Только Шумихина вовсе не беспокоили комары. То ли он привык к укусам, а может, просто презирал накомарник, но работал с открытым лицом.
— Несъедобный я для всякой нечисти, — похвалялся он в эти дни.
У монтажной лебедки он стоял в особой командирской позе, выставив здоровую ногу, размахивал костылем. Издали посмотреть — дирижер, а не десятник.
Николай плохо спал ночью, подходя к вышке, задержался у ручья, чтобы малость прийти в себя. Сорвал несколько венчиков знакомой с детства мать-мачехи с клейкими, чешуйчатыми стебельками и, не почуяв запаха, удивленно растер податливую зелень в пальцах. Лепестки подхватило ветром. Сорвал зелень иван-чая, поднес к лицу. Все чужое, северное… и к этому еще надо привыкать!
Отсюда ему хорошо было видно двух верхолазов на расшивках недостроенной вышки.

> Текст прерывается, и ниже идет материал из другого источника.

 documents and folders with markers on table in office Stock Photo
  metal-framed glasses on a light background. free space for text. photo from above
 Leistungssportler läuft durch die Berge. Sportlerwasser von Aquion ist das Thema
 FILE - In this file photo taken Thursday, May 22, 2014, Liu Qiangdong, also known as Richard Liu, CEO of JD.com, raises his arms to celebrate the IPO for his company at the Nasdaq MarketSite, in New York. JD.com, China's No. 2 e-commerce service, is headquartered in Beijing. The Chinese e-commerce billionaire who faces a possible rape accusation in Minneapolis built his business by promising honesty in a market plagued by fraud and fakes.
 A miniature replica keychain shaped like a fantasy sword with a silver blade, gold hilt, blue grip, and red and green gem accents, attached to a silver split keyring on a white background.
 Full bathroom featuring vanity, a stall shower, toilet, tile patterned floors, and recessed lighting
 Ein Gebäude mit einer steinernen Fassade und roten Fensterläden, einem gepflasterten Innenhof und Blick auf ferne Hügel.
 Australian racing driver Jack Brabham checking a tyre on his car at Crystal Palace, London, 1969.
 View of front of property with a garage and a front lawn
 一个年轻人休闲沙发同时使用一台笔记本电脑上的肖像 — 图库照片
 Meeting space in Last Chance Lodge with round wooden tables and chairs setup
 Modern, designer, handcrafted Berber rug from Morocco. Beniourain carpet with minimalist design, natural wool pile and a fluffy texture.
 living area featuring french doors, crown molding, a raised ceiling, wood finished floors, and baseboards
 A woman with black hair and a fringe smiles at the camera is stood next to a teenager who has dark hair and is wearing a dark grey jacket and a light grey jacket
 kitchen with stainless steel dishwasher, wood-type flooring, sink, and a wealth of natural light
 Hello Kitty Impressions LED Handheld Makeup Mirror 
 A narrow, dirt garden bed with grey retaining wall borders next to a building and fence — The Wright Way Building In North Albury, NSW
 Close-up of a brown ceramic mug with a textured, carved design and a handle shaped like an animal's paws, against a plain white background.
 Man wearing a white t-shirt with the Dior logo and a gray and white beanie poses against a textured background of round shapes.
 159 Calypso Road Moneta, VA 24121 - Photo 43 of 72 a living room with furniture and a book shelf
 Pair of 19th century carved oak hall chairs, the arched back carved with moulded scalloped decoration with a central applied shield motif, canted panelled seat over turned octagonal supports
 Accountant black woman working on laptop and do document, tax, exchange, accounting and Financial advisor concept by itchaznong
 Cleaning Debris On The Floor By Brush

Овчаренко и Пчелкин пришивали «галифе». Это самый ответственный и опасный момент в работе плотника-верхолаза. Сумей удержаться на поясе вышки одной, согнутой в колене ногой и, изогнувшись всем телом на высоте двадцати пяти метров, еще прибивай доски и брусья!
Шумихин и подсобные плотники снизу, задрав головы, глаз не спускали с верховых.
Пчелкин работал осторожно, привычно. Тщательно проверял опору, хорошенько уравновешивался перед каждым движением. Работал молча, предохранительным поясом не пользовался из принципа, как все бывалые верхолазы. Но, издалека заметив фигуру начальника, он торопливо пристегнулся прочной петлей к укосу, чтобы не заслужить выговора.
Овчаренко не прибегнул к этой наивной хитрости: по его соображению, менять тактику на глазах начальства было унизительно.
Да и работал он отчаянно, стараясь не уступать напарнику. На лету хватал подаваемые доски и сноровисто вколачивал гвозди, требовательно и властно покрикивая на подсобников.
На Пчелкина нельзя было крикнуть, у него надобно было учиться. А низовые все стерпят. И Алешка орал:
— Каким концом?! Куда тянешь, пенек?!
— Запили «ласточкин хвост»!
— Уснул там? Не тяни мертвого!
И его терпели. Отчаянная лихость новичка была им по сердцу. И даже Шумихин его не трогал, не одергивал: как и всякий русский человек, старик любил красивую работу с разумной лихостью, особенно если ее исполнял вчерашний лодырь и бузотер.
Только дождавшись, когда Алешка забил последний гвоздь и, выпрямившись на перекладине, как всадник, победно глянул вниз, Шумихин не выдержал.